They must be really living it up at Palazzo Chupi this morning. Last night, at long last, the Museum of Modern Art announced that it has finally acquired a painting (St. Sebastian, 1979) by the extremely famous 1980s scene-making artist and film director, Julian Schnabel. To provide some justification, because apparently someone has to, Ann Temkin, MoMA’s chief curator of painting and sculpture, said that he’s all the rage among the young guys these days, and that “We’re always looking at art, inevitably, with today’s eyes.”
The article in The Times announcing the historic acquisition (MoMA also added a 1960 Jasper Johns, Painted Bronze, from the Henry Kravis collection) felt the need to provide some context to explain just how unlikely it is that the Schnabel has made it to the big leagues.
William Rubin, who was for many years the Modern’s powerful curator of painting and sculpture, had a position against Mr. Schnabel’s painting so fixed that he wrote a 1984 letter to The New York Times suggesting a correction to a sentence in an article that said “the Modern has not yet acquired” a Schnabel.

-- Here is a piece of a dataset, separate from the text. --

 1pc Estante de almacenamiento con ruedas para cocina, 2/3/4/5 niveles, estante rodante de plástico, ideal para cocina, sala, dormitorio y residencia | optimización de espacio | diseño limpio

He said the sentence should not have included the word “yet.”
Also, Calvin Tompkins went in on The Schnabel in Lives of the Artists, which is his pretty much the definitive tome on all this stuff.
A Schnabel retrospective, organized by the Whitechapel Gallery, in London, came to the Whitney Museum in 1987. The airplane carrying the paintings broke down in Abu Dhabi, and Schnabel pitched in to help Lisa Phillips, the Whitney curator, pull together a temporary, alternative exhibition in time for the opening; the substitutions didn’t particularly upset him, since he tends to think everything he does is pretty marvelous. The Museum of Modern Art, however, has consistently shunned him—its Schnabel holdings today are limited to two drawings, three prints, and the promised gift of a plate painting.
Man, Schnabel, the guy could not catch a break. And then let’s crack open our dear friend Anthony Haden-Guest’s stupendous take on the art scene, True Colors, for his anecdote regarding the relationship between Mr. Schnabel and MoMA.
Others were unbeguiled. Bruce Wolmer, then at MoMA, remembers a first meeting with Schnabel in “pink jelly glasses.” Wolmer’s date admired them. “Right away he offered to find her a pair. He was almost too obliging. I felt his hunger. I felt, I hope he doesn’t get anywhere.” Wolmer admits that he remembered Schnabel now and again, a bit smugly, because he did indeed seem to have disappeared. “I thought, Well, that’s the last we’ll see of him.”
But now here we are, in 2015, watching Schnabel get the last laugh. And if you want to whet your whistle for Schnabel at this very moment, he has works in a group show at Andrea Rosen Gallery.